Fidelity is an overwhelming responsibility; but what does it mean? Translations tend to oscillate along a continuum of equivalence and analogy, or, you could say, fidelity to the letter and fidelity to the spirit. But I don’t have a poetics, and I don’t have a philosophy of translation. Or if I do have one, it’s something like translation as a process of friendship. Reception, intimacy, commitment, connection, honor. Simply put, I just do the best I can.

SD: In the introduction, you ask “what is [the translation’s] authority in relation to the original work?” How would you answer this? 

JW: The original work is itself, in some fundamental sense, also a translation. In the Kabbalah, which was so important to Sachs in her writing of Flight and Metamorphosis, there is a mythological and cosmogonic idea that every epoch has a different Torah; that the white space you see around the letters of the Torah are themselves letters, ready to come into view and be read in another epoch. God created the world by reading from a primordial Torah; in a sense the world is God’s translation of that Torah.

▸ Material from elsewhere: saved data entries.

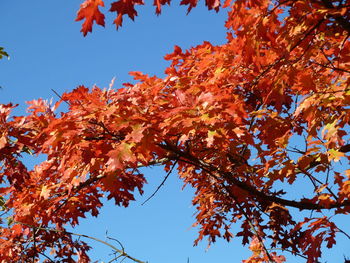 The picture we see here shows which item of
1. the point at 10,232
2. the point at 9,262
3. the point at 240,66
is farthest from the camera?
the point at 10,232

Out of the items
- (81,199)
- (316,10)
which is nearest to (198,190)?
(81,199)

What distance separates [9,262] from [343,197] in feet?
15.5

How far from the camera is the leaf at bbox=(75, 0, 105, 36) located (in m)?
2.67

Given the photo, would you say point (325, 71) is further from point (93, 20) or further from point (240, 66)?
point (93, 20)

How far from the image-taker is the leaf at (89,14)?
2672 millimetres

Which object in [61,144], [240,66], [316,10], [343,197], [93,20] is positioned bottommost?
[343,197]

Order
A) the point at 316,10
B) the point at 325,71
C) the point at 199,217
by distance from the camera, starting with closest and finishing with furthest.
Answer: the point at 316,10
the point at 325,71
the point at 199,217

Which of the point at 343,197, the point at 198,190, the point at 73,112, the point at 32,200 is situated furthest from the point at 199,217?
the point at 73,112

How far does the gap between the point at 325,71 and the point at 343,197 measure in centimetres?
133

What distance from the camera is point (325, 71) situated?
151 inches

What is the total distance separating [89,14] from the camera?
2.68m

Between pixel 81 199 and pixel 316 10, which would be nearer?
pixel 316 10

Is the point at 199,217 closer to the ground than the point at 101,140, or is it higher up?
higher up

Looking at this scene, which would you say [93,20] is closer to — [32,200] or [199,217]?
[32,200] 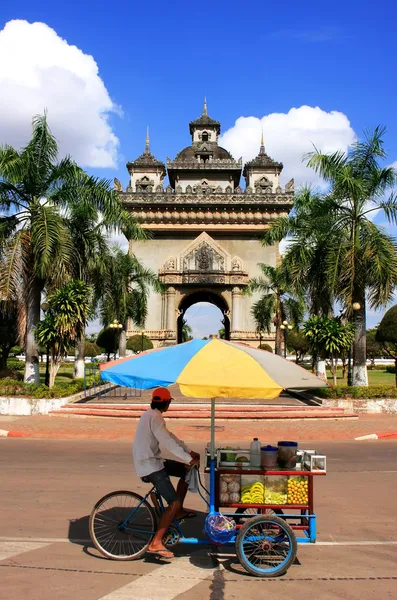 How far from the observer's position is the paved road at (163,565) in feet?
15.8

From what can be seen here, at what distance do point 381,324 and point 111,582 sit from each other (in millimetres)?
29650

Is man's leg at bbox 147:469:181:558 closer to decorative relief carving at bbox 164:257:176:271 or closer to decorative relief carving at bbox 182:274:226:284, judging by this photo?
decorative relief carving at bbox 182:274:226:284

So, a true translation of a work, from one language into another language, expresses its authority in relation to the original by being, in the so-called target language, its own version: it’s authored by another, but ultimately self-authorizing. One never really feels like one has written a poem; rather one feels like a poem was written through oneself, that you’re an instrument. The poem finds another home, with the luck or serendipity of finding the translator, in another language. Poems, like persons, migrate.

SD: Yes. It is interesting how different poets have used different metaphors for that process of being written through. I’m thinking of Yeats and his metaphor-bearing spirits, Jack Spicer / Jean Cocteau with radio transmissions and Rilke with those Duino angels. Thoughts?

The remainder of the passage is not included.